S&P Global Platts assessed voluntary CORSIA-eligible carbon (CEC) credits at $2.59/mtCO2e June 17.

MEPC, which sat June 10-17, also looked at a proposal to establish an International Maritime Research Board, funded by a levy on oil used by shipping, but this will now need to wait for further discussion at the MEPC’s next session in November.

Bergulf said he was happy to see the decarbonization fund will be discussed at the next MEPC session, “but would also like to stress that the RD&D is needed in the short term and not at the end of this decade.”

The measures that MEPC passed will require all ships to calculate their Energy Efficiency Existing Ship Index (EEXI) to improve their energy efficiency and to establish their annual operational carbon intensity indicator (CII).

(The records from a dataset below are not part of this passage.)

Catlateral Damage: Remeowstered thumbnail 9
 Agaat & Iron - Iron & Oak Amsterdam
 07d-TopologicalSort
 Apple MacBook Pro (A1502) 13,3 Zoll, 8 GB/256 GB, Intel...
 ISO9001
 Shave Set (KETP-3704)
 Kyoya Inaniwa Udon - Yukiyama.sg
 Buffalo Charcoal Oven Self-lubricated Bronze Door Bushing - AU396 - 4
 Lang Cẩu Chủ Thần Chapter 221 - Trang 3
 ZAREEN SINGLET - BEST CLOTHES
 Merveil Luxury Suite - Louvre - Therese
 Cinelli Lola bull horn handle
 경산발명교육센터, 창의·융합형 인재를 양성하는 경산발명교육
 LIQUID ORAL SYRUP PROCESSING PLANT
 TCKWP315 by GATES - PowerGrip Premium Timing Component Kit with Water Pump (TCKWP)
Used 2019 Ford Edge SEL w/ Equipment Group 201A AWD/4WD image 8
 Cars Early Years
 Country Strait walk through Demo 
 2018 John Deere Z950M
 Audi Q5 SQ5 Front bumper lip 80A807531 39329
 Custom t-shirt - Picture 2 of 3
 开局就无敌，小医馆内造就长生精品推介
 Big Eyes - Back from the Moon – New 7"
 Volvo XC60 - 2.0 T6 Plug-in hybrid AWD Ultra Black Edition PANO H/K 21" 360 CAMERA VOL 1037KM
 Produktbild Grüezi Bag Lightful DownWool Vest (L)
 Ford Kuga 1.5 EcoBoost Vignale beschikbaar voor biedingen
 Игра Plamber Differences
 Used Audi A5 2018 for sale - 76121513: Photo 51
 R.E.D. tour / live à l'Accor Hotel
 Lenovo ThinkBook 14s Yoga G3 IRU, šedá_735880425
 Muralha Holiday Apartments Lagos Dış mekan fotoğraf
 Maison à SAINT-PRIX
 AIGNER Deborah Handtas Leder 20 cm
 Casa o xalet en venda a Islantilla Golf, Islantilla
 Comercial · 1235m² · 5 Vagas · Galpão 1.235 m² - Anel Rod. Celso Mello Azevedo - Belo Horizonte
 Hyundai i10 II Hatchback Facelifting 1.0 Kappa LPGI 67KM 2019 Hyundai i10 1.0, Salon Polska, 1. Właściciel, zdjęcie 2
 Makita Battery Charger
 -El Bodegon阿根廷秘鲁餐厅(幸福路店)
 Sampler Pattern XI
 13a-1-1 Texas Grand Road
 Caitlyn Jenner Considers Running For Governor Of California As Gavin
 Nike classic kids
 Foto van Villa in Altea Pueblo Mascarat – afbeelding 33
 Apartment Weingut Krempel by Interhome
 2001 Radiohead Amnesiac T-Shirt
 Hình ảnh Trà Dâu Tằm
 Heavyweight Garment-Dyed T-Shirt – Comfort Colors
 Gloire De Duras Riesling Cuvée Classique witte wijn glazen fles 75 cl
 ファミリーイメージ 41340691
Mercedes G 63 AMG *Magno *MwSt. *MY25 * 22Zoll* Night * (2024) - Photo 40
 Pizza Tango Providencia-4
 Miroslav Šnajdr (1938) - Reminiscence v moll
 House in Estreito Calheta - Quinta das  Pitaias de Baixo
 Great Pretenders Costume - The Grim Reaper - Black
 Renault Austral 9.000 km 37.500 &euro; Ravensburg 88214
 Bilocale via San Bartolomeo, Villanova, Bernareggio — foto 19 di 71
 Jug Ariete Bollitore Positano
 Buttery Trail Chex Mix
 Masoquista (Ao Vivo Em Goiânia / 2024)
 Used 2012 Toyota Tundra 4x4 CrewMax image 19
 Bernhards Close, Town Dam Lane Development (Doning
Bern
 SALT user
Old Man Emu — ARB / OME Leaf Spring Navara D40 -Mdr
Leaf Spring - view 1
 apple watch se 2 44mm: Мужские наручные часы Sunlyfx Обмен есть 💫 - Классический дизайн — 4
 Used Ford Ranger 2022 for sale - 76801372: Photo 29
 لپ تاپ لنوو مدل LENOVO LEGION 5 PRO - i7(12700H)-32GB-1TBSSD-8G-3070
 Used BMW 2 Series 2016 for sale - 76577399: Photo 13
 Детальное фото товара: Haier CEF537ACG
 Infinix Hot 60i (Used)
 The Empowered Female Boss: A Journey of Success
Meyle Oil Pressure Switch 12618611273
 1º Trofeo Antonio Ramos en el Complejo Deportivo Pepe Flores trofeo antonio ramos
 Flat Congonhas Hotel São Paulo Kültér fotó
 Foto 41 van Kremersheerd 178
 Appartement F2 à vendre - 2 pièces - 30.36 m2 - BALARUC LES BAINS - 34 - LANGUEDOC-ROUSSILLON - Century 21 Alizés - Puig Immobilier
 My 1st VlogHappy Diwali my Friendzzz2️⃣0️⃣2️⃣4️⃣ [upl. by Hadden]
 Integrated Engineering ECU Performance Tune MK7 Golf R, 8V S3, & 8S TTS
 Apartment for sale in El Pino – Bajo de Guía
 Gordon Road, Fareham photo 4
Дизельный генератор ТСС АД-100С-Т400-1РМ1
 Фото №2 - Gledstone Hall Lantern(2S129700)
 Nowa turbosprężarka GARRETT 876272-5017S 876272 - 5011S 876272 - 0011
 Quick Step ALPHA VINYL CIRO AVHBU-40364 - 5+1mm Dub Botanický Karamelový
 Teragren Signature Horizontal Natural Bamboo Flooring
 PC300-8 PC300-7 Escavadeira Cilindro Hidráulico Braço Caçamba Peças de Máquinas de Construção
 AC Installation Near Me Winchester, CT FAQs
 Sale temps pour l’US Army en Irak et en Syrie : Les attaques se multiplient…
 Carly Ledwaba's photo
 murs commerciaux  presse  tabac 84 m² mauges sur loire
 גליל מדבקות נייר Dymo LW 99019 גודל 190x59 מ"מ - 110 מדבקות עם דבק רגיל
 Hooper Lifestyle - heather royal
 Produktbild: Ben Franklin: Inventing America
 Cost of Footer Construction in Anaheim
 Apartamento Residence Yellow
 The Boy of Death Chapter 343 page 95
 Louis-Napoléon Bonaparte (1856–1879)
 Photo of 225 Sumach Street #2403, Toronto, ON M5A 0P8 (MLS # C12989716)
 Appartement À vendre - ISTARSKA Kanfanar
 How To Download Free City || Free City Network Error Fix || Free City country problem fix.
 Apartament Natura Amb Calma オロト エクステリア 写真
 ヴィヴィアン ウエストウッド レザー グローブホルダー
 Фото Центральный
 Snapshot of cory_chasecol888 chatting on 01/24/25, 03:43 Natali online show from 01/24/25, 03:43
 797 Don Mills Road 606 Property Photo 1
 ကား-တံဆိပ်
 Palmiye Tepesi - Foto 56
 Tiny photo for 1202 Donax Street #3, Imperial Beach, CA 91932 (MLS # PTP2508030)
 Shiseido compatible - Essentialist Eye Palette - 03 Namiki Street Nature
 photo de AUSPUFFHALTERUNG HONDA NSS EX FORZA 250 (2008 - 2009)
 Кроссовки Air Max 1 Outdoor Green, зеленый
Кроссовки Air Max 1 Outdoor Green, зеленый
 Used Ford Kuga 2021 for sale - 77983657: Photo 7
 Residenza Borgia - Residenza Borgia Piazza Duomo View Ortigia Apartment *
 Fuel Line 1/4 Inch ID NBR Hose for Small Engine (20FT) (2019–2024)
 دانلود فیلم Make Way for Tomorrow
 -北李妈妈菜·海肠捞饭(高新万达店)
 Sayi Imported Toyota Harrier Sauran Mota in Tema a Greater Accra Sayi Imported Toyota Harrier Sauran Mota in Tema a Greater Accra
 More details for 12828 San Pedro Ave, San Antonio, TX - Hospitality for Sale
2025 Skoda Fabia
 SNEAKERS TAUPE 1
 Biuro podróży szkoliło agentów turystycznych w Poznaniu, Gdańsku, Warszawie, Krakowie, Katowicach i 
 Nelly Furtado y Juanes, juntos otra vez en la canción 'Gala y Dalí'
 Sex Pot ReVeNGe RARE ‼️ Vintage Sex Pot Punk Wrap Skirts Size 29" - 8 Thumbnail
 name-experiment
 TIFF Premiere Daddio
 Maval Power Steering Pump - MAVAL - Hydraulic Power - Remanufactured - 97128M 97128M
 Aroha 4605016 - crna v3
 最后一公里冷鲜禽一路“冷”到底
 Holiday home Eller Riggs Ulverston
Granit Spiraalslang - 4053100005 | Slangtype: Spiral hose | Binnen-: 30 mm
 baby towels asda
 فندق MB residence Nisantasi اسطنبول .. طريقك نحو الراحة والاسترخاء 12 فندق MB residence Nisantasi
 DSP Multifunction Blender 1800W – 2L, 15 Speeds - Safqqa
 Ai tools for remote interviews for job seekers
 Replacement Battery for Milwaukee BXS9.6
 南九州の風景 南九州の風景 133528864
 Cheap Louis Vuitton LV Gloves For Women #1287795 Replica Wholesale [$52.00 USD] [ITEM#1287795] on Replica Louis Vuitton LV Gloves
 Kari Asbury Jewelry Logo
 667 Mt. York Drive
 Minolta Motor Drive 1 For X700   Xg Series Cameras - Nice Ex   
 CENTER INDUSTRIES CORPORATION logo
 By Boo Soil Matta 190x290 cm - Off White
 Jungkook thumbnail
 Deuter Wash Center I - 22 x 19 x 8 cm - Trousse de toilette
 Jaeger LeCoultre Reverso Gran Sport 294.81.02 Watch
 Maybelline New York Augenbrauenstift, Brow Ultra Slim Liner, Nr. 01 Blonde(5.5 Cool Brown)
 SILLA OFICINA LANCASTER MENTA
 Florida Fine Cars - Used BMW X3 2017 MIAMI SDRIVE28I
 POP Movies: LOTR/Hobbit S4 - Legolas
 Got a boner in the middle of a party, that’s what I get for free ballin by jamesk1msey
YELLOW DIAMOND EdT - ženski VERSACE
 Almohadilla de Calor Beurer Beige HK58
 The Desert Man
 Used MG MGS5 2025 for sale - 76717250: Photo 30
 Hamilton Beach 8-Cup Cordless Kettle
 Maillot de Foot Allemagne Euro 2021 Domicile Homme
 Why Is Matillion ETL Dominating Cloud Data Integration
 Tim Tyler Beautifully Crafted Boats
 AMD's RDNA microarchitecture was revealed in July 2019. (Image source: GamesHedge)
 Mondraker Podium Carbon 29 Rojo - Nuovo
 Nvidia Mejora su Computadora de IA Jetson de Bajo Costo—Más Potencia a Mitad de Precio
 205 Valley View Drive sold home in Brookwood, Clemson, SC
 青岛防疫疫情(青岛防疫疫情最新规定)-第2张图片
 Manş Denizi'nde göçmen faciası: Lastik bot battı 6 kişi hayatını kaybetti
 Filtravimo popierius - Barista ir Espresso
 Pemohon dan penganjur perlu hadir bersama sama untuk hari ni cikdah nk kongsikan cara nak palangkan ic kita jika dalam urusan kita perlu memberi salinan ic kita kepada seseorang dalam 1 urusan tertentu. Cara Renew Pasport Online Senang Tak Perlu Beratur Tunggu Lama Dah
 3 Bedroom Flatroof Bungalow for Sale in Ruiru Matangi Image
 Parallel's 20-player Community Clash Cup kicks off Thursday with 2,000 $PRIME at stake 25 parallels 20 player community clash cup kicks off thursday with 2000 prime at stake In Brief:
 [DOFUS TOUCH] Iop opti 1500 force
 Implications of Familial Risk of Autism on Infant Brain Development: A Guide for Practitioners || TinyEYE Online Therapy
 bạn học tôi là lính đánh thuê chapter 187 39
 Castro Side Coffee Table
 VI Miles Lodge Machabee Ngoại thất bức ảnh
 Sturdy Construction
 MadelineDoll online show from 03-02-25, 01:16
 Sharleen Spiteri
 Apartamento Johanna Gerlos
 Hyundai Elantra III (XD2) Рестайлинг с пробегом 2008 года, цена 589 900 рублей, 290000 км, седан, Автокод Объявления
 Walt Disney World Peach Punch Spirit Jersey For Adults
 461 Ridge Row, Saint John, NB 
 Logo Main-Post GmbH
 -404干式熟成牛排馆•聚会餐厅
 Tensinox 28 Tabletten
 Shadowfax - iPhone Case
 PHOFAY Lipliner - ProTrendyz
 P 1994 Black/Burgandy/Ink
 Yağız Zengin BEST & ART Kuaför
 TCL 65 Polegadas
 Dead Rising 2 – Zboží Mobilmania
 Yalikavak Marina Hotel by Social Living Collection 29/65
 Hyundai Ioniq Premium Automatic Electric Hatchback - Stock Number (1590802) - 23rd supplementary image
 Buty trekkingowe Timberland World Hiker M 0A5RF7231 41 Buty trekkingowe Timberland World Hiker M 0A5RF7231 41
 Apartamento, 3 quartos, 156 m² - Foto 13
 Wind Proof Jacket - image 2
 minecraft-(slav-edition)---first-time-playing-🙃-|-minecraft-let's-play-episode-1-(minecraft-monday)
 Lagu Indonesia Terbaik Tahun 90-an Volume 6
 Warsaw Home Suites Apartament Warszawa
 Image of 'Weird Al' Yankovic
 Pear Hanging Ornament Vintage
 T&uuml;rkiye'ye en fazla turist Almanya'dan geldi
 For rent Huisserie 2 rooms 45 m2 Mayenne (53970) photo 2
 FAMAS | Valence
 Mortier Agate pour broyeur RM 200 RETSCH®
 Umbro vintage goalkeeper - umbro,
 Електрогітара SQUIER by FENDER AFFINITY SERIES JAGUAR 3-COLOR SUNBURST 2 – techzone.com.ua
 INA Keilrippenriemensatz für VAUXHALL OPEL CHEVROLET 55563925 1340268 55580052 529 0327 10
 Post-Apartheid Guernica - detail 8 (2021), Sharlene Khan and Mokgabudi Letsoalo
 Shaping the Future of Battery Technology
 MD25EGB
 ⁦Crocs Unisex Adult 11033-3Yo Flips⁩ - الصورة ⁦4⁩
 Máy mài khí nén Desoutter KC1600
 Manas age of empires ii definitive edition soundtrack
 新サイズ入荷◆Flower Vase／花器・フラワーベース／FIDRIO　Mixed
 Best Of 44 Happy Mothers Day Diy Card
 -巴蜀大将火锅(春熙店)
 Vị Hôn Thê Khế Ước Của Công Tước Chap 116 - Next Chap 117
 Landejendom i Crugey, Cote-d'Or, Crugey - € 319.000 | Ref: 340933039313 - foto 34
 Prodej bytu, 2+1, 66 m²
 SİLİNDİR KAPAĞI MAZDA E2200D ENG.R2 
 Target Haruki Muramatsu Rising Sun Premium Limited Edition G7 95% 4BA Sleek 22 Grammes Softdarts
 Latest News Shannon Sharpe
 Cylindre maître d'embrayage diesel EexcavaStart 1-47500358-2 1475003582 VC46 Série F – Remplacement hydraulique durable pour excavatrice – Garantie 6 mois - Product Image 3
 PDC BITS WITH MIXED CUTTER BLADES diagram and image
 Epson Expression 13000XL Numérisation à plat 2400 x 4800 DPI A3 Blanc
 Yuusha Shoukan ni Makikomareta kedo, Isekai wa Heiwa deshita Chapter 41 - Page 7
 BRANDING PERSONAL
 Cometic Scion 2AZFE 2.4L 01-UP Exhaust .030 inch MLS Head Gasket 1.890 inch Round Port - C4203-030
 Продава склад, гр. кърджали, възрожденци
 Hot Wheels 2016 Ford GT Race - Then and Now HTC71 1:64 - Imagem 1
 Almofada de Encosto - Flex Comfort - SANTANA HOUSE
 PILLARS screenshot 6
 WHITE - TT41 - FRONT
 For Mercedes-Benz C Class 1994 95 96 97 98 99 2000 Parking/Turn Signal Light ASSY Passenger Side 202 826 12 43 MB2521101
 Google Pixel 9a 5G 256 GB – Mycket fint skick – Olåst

Vessels will get a rating of A-E, where A is the best.

The amendments, initially agreed by a working group last year, are expected to enter into force on Nov. 1, 2022, with the requirements for EEXI and CII certification coming into effect from Jan. 1, 2023. This means that the first annual reporting will be completed in 2023, with the first rating given in 2024.

Market-based measures aside, some said the amendments did not go far enough.

“Whilst Maersk welcomes the adoption of the short-term measures, the metrics to be used for their implementation are still unclear and this means that their effect remains to be seen,” Bergulf said.

NGO Transport & Environment was more damning. In a statement, it said that MEPC’s amendments mean the global shipping fleet will be required to reduce its carbon intensity by just 1.5% a year.

“The target is as weak as what would be achieved under business as usual and falls far short of the 7% annual reduction required to meet the goals of the Paris agreement,” it added.

According to the Fourth IMO Greenhouse Gas Study, published in August, GHG emissions from shipping have increased to over 1.076 billion mt in 2018 from 977 million mt in 2012.

The share of shipping emissions in global anthropogenic emissions rose from 2.76% in 2012 to 2.89% in 2018.

MEPC’s latest amendments count as short-term measures, with the IMO’s long-term targets not having yet been changed. These are a 40% reduction in carbon intensity in the global fleet by 2030 compared with 2008 and a 50% reduction in greenhouse gas emissions by 2050.